[Dataset excerpts Boundary: Start]

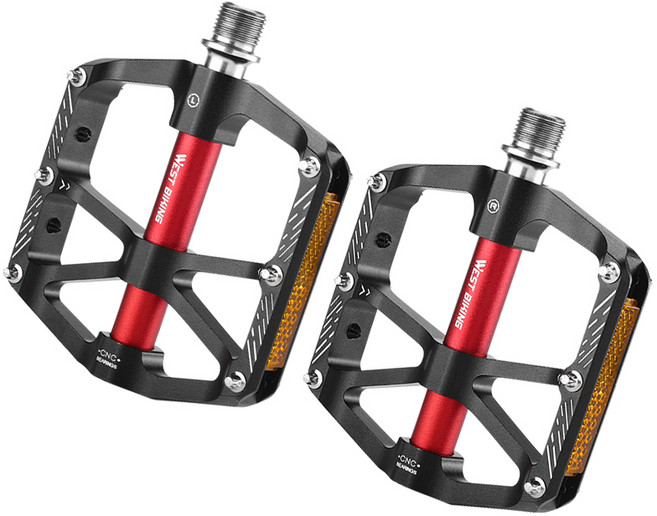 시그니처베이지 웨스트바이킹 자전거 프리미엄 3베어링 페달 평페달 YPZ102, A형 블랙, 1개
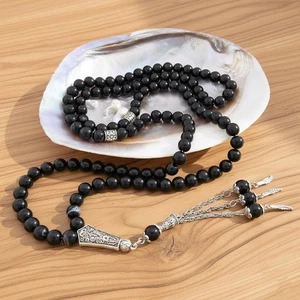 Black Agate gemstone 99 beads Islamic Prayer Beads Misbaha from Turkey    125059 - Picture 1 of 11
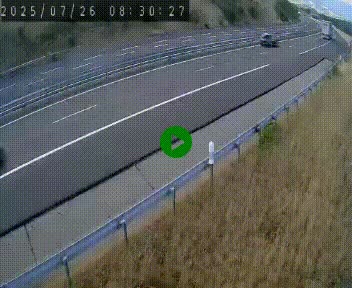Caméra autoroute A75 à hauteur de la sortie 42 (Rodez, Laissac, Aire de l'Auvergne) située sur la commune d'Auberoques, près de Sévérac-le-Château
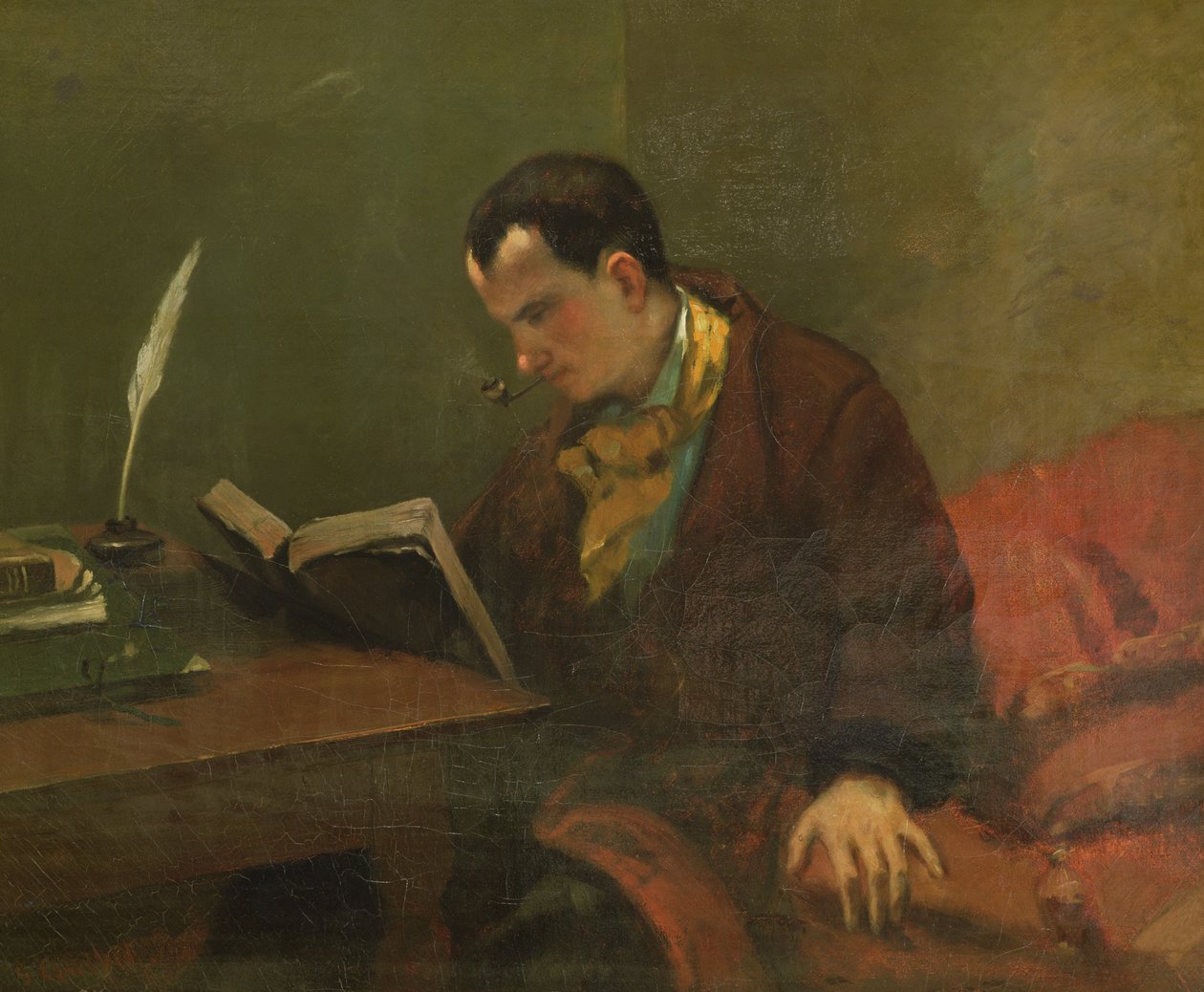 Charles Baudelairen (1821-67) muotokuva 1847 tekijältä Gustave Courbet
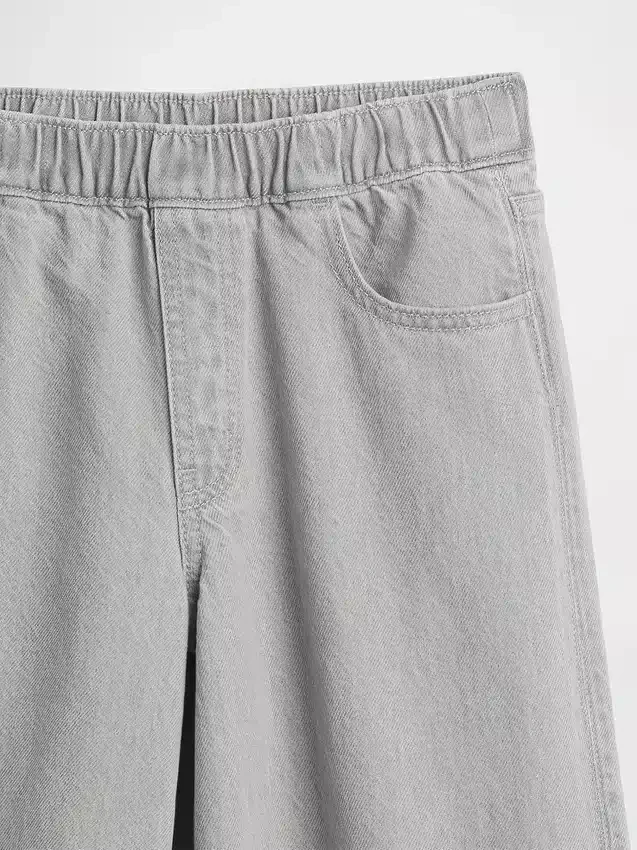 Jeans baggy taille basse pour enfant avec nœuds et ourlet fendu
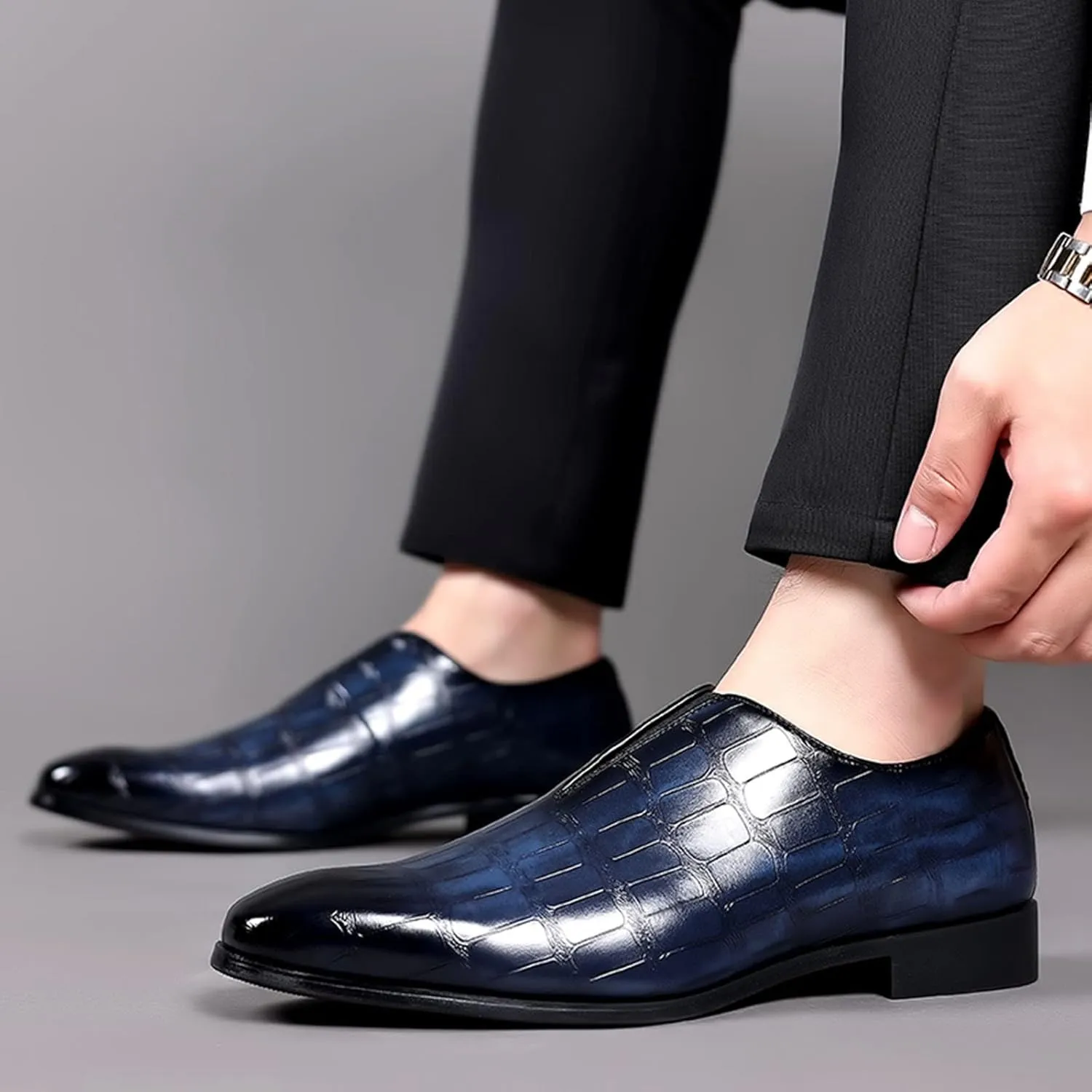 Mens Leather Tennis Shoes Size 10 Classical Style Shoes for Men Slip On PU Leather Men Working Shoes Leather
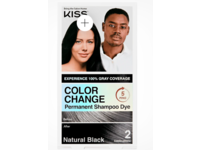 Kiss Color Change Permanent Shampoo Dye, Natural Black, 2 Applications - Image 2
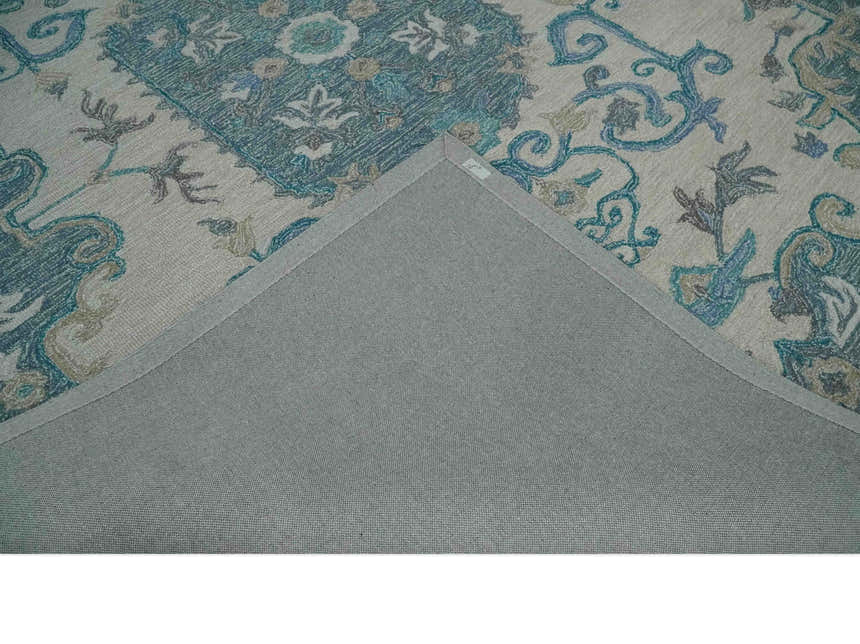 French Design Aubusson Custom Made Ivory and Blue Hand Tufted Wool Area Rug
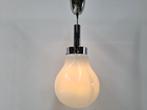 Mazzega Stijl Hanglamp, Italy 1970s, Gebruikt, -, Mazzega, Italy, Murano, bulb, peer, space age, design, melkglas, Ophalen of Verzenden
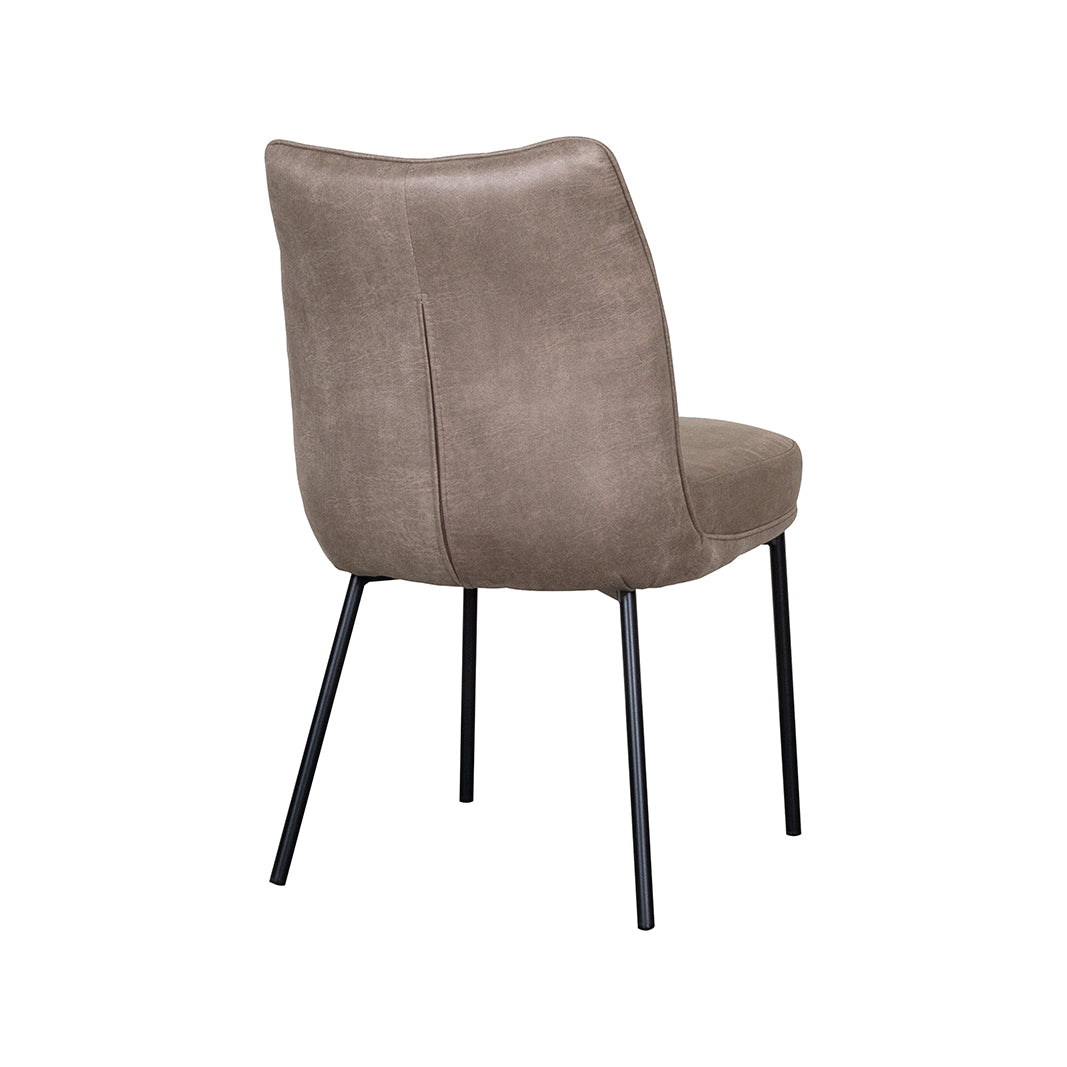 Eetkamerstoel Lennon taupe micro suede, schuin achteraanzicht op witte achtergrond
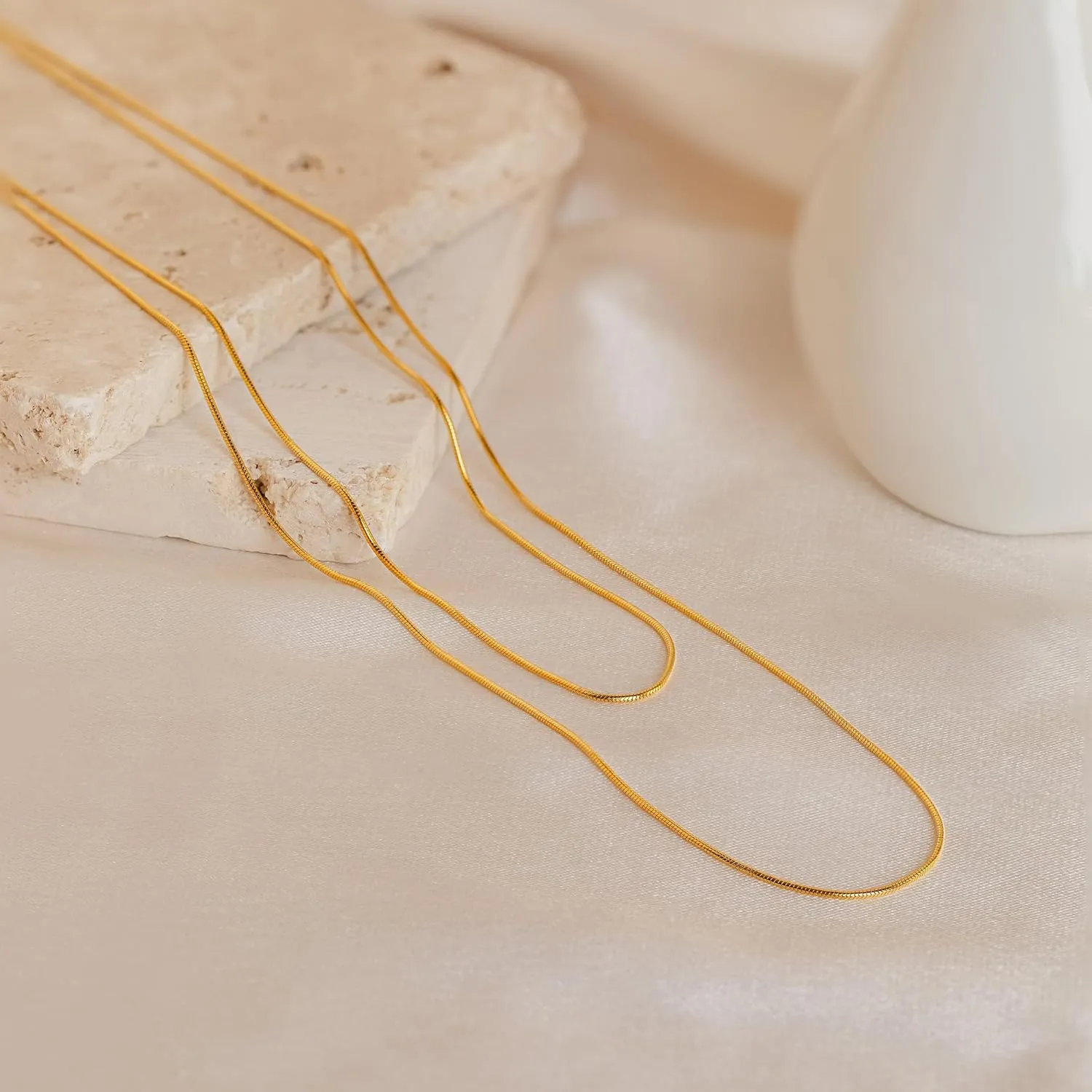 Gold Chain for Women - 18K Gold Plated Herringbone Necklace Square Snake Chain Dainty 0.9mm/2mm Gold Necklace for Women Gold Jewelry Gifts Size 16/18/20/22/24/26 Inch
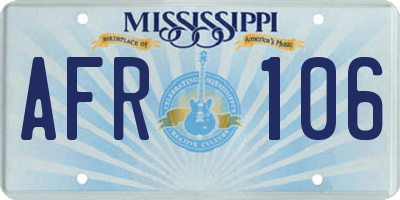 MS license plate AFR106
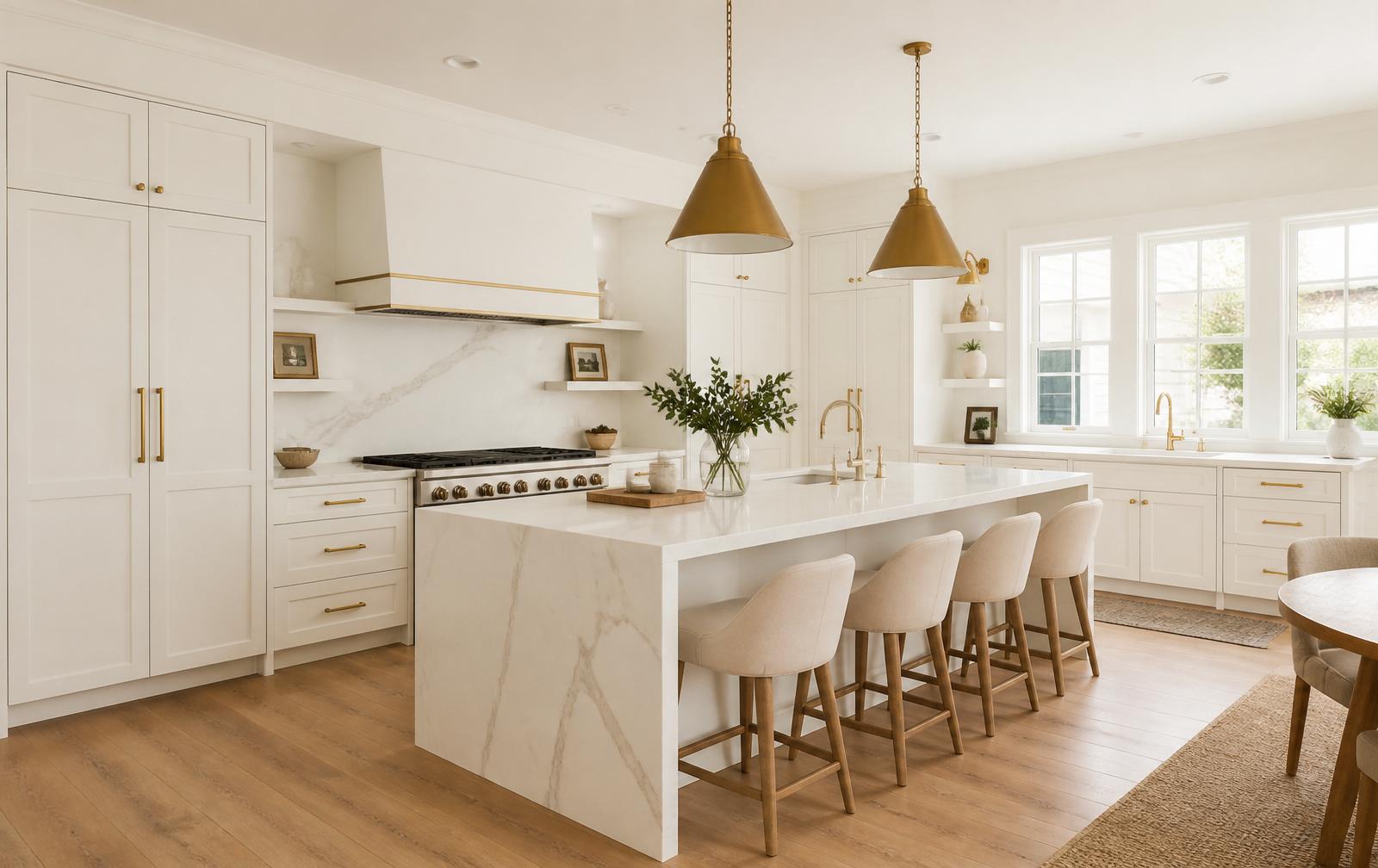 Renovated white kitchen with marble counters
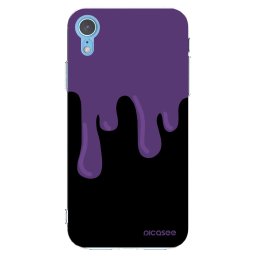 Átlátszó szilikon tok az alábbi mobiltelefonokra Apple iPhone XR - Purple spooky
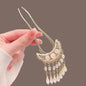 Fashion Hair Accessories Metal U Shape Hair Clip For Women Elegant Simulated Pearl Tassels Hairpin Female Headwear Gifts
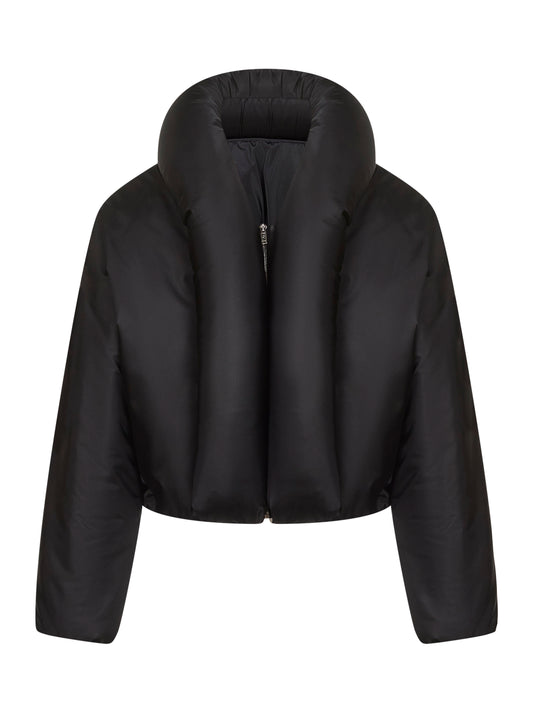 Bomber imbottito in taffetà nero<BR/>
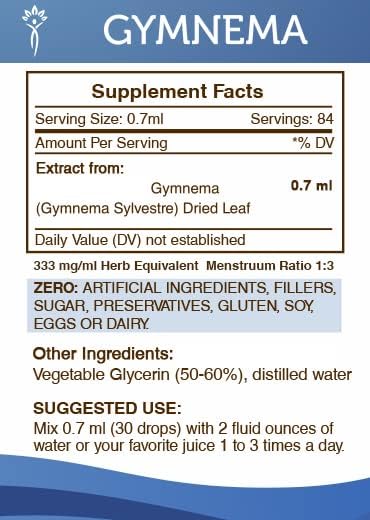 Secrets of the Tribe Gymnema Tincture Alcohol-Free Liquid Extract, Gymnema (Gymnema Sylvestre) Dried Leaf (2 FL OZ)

[Dataset excerpts Boundary: End]

**Task to carry out:** An exact copy is needed of the lines running from the one with "Jeans baggy taille" through the end of the data above, and of those lines only, without pictures.

**Exercise answer:**
 Jeans baggy taille basse pour enfant avec nœuds et ourlet fendu
 Mens Leather Tennis Shoes Size 10 Classical Style Shoes for Men Slip On PU Leather Men Working Shoes Leather
 Kiss Color Change Permanent Shampoo Dye, Natural Black, 2 Applications - Image 2
 French Design Aubusson Custom Made Ivory and Blue Hand Tufted Wool Area Rug
 Mazzega Stijl Hanglamp, Italy 1970s, Gebruikt, -, Mazzega, Italy, Murano, bulb, peer, space age, design, melkglas, Ophalen of Verzenden
 Eetkamerstoel Lennon taupe micro suede, schuin achteraanzicht op witte achtergrond
 Gold Chain for Women - 18K Gold Plated Herringbone Necklace Square Snake Chain Dainty 0.9mm/2mm Gold Necklace for Women Gold Jewelry Gifts Size 16/18/20/22/24/26 Inch
 MS license plate AFR106
 Renovated white kitchen with marble counters
 Átlátszó szilikon tok az alábbi mobiltelefonokra Apple iPhone XR - Purple spooky
 Fashion Hair Accessories Metal U Shape Hair Clip For Women Elegant Simulated Pearl Tassels Hairpin Female Headwear Gifts
 Bomber imbottito in taffetà nero<BR/>
 Secrets of the Tribe Gymnema Tincture Alcohol-Free Liquid Extract, Gymnema (Gymnema Sylvestre) Dried Leaf (2 FL OZ)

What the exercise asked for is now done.